Com poder constituinte que imponha igualdade legal, elimine, entre tantas iniquidades, foro privilegiado, salários debochados com penduricalhos pantagruélicos, assessorias das iscas para via rachadinhas, auxílios e vantagens da burocracia opulenta da Esplanada dos Ministérios - onde resplandece a volúpia financeira da toga: R$ 100,2 bilhões gastos com o Poder Judiciário, ano passado, equivalentes a 1,5% do PIB, carro e gasolina pagos pelo povo para os arrogantes e deslumbrados do poder.
A farsa constitucional de que todo poder emana do povo e em nome deste será exercido ergue-se sinistra no Amazonas: em 132 anos de República (1889) e 33 anos de Constituição (1988) apelidada Cidadã, nenhuma cidade amazonense, à exceção de Manaus, a capital, tem hospital com UTI. Quantos governadores passaram pelo Palácio do Rio Negro e nada, cruelmente nada, fizeram pela saúde do homem amazonense?
Quantos povos gostariam de ter um Amazonas e suas imensuráveis riquezas, biodiversidade, potencial hídrico e a internacionalmente cobiçada floresta?

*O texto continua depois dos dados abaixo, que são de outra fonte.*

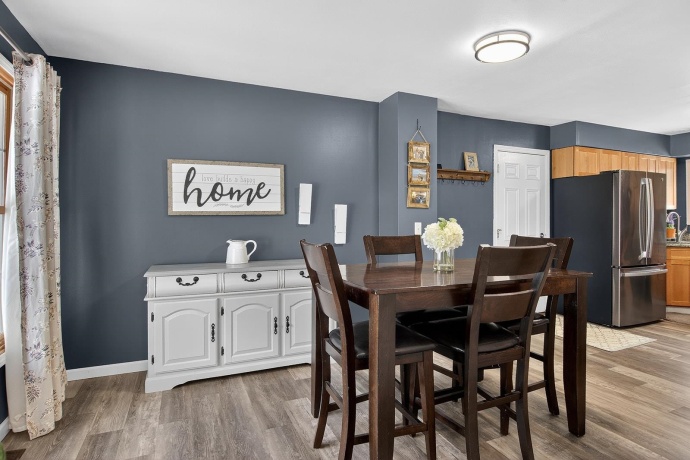 6700 ALPINE, BYRON, Illinois 61010, 3 Bedrooms Bedrooms, ,2 BathroomsBathrooms,House,For Sale,ALPINE,202600543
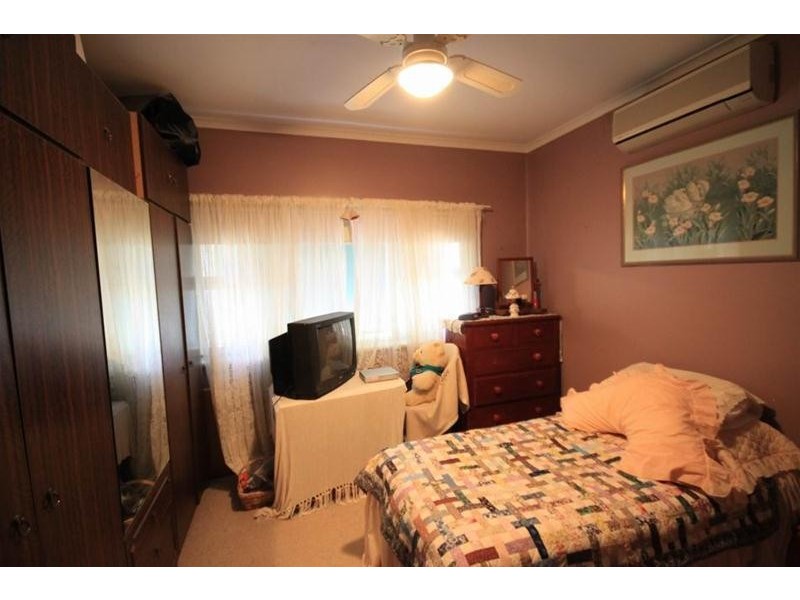 7 Greening Street, Mannum SA 5238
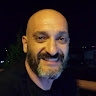 george farmakis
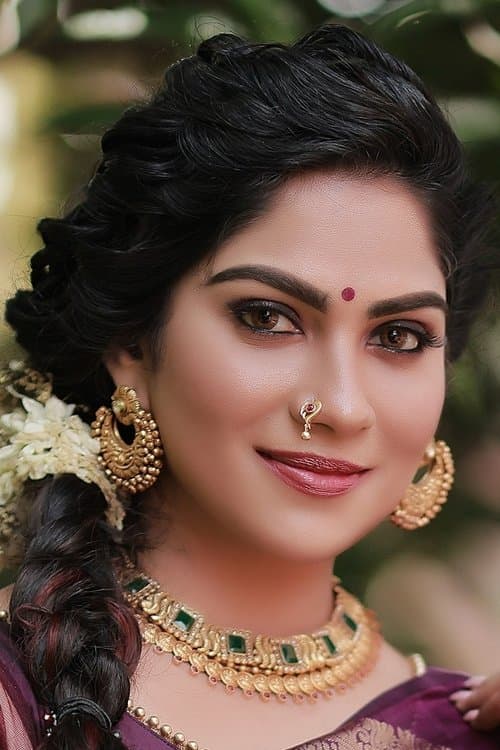 Swasika photo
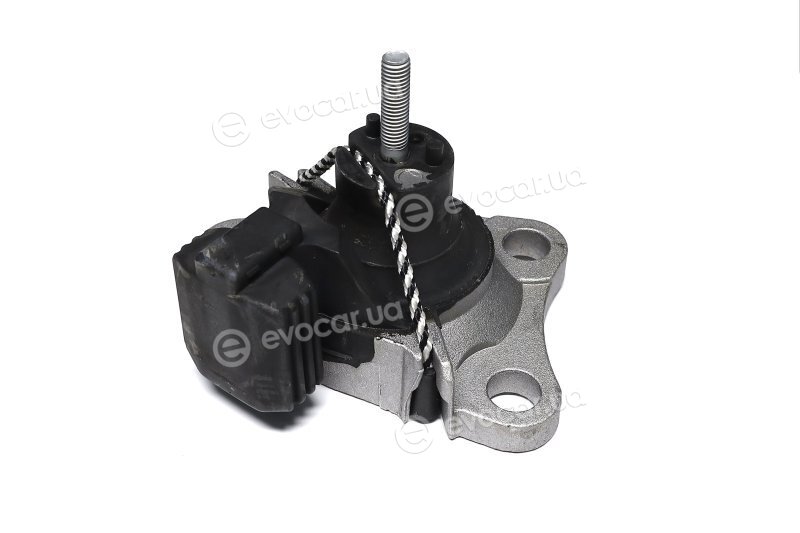 Meyle 16-14 030 0035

O Amazonas vive um extermínio republicano. Por menos, os paraenses fizeram a Cabanagem, em 1835, " A Miserável Revolução das Classes Infames", rotula irretocável livro de instigante leitura. Constituinte serena e severa é o remédio para os males do estado democrático de direito à brasileira.
O autor é jornalista, escritor, poeta.